— GOAL OF THE EXERCISE —
Transcribe word for word the section of the records below that opens with the line containing "May include: A" and closes with the line containing "Freightliner Cascadia 126"; drop every picture.

*** MATERIAL TO PROCESS ***

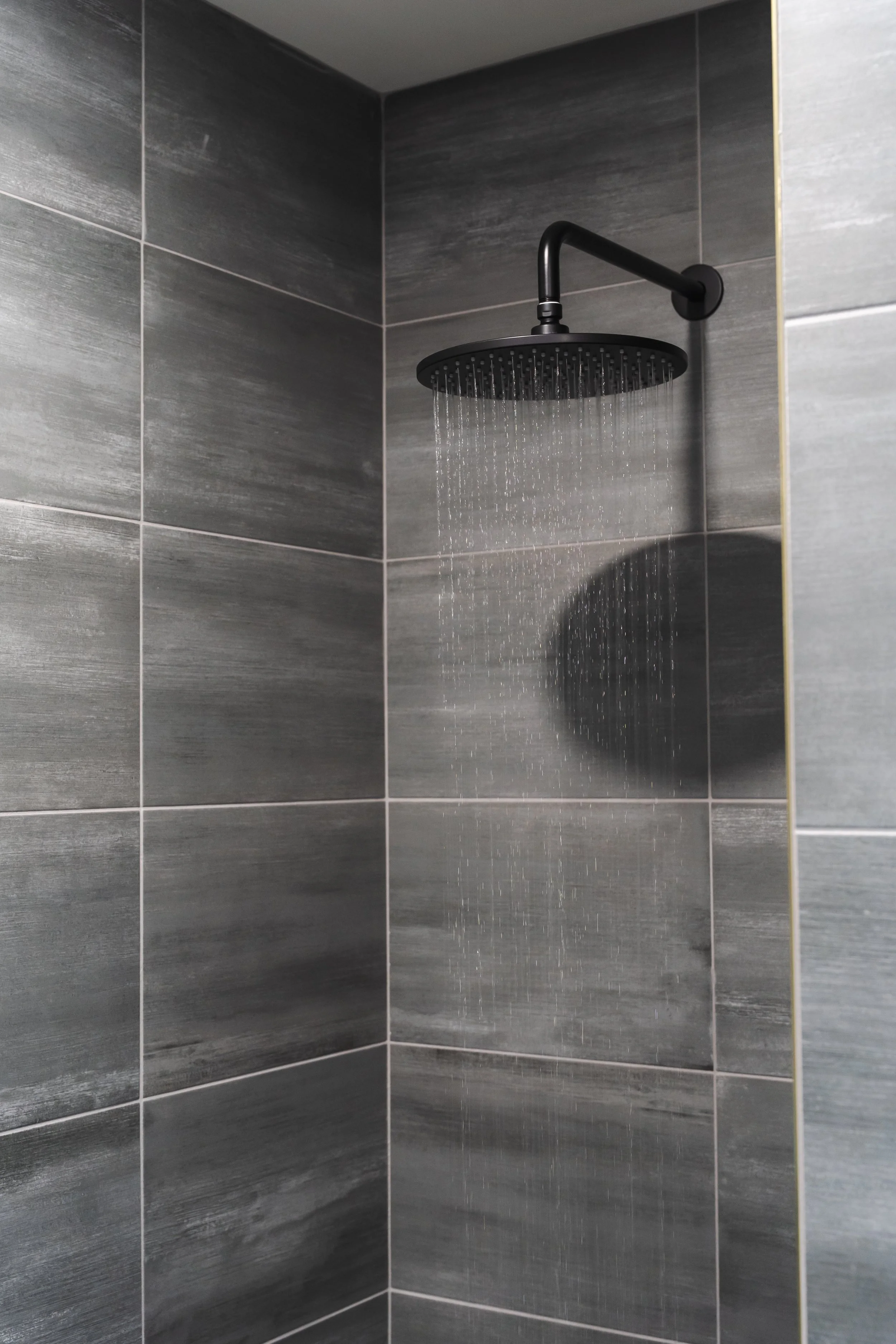 A black showerhead mounted on a wall, with water flowing down, in a bathroom with gray tiled walls.
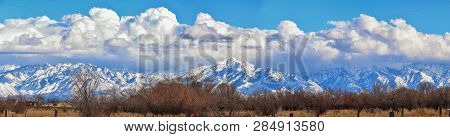 Winter Panoramic View Of Snow Capped Wasatch Front Rocky Mountains, Great Salt Lake Valley And Cloud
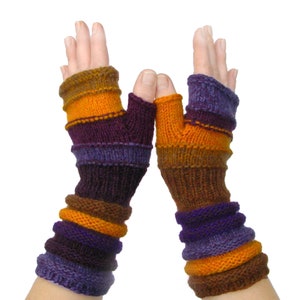 May include: A pair of knitted fingerless gloves in a vibrant color palette. The gloves feature horizontal stripes of brown, orange, purple, and blue. The wrist cuffs are ribbed, and the thumb holes are visible.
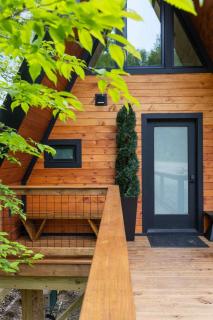 Designer A-Frame Treehouse with hot tub on river - 5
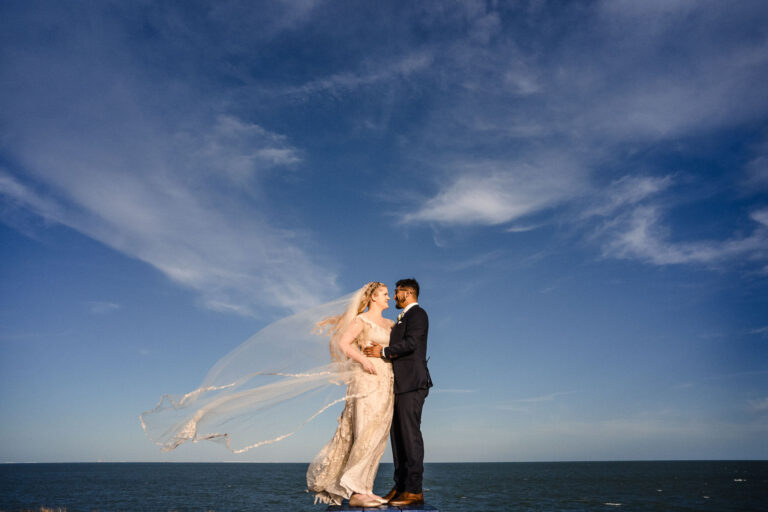 Wedding reception at Art Center of Corpus Christi; shows couple on beach front
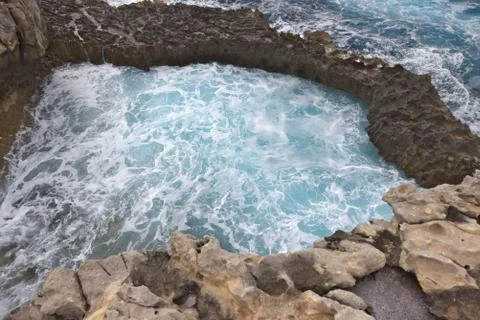 Rocky cliffs forming a pool with foaming blue water. Fotos de archivo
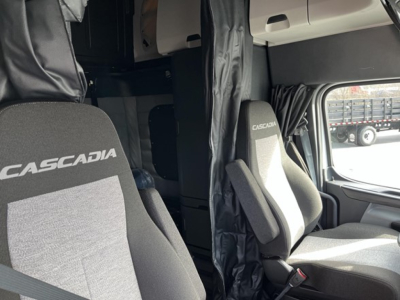 Freightliner Cascadia 126 truck interior showing driver and passenger seats with Cascadia branding.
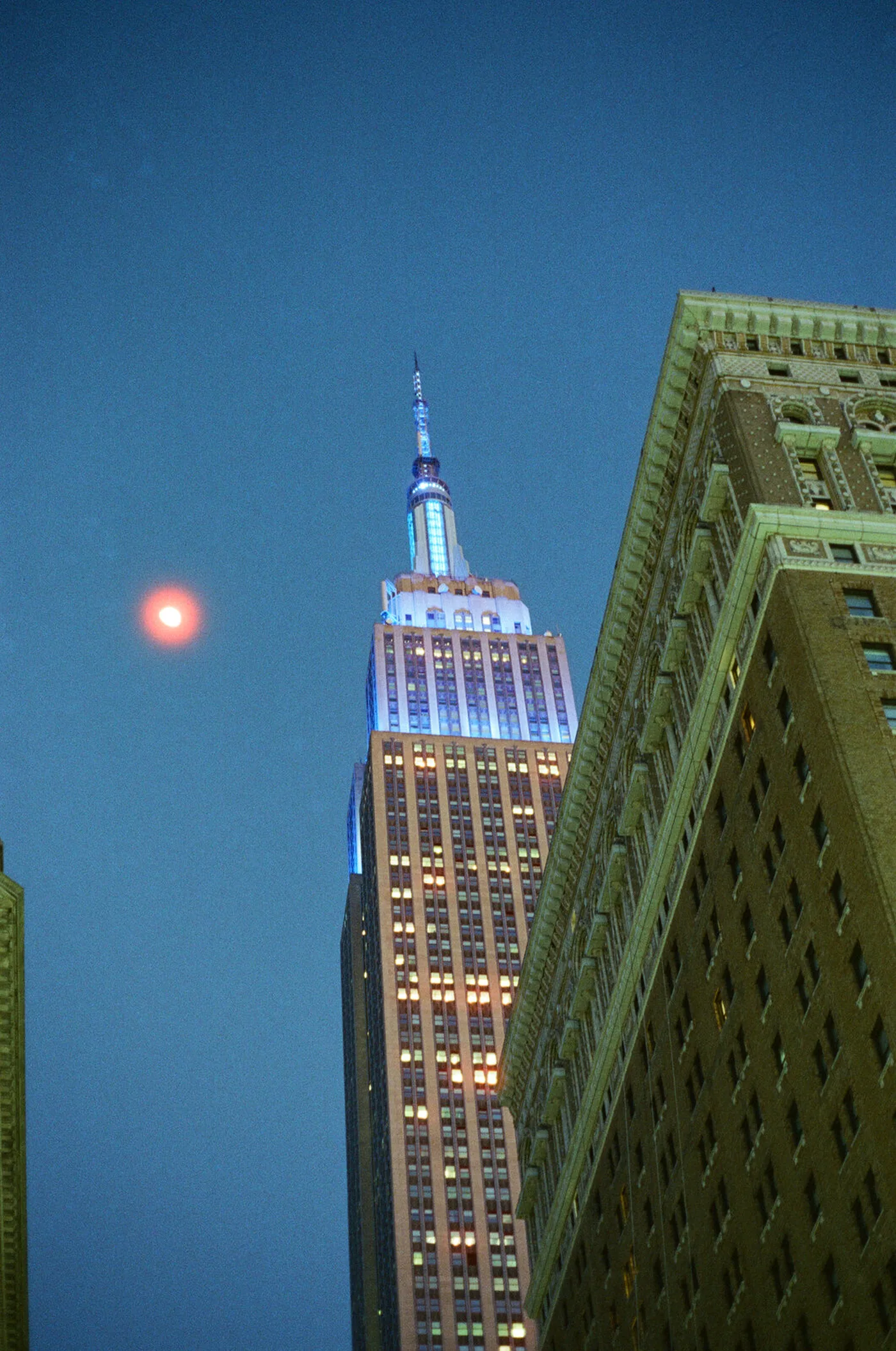 The Empire State Building lit at dusk, with the moon beside it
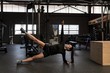 © Wavebreak Media - Young woman exercising in gym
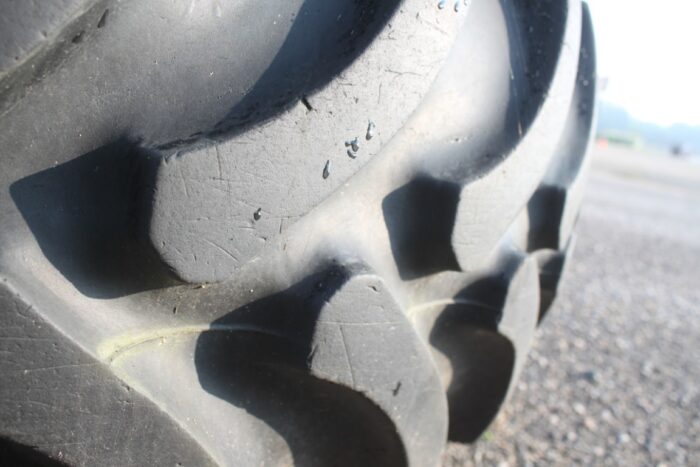 Firestone set of 2 16.9x24 tires on 8 bolt rims - Image 4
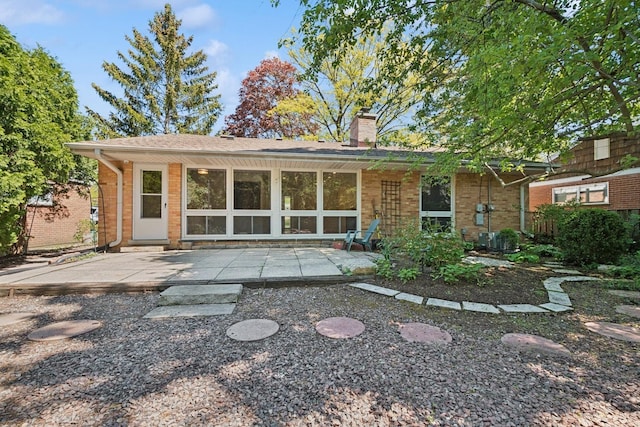 9032 Crawford Ave, Skokie, IL 60076 - back of property with a patio, a chimney, and brick siding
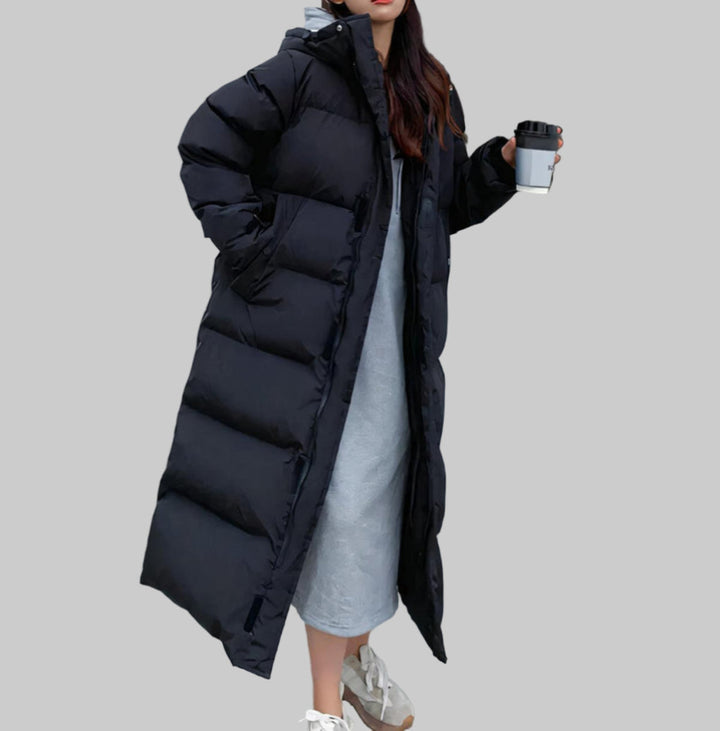 Comfortabele dames parka in zwart, lange pasvorm. Waterdichte winddichte winterjas voor optimale bescherming tegen kou.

*** End of MATERIAL TO PROCESS ***

— EXERCISE SOLUTION —
 May include: A pair of knitted fingerless gloves in a vibrant color palette. The gloves feature horizontal stripes of brown, orange, purple, and blue. The wrist cuffs are ribbed, and the thumb holes are visible.
 Designer A-Frame Treehouse with hot tub on river - 5
 Wedding reception at Art Center of Corpus Christi; shows couple on beach front
 Rocky cliffs forming a pool with foaming blue water. Fotos de archivo
 Freightliner Cascadia 126 truck interior showing driver and passenger seats with Cascadia branding.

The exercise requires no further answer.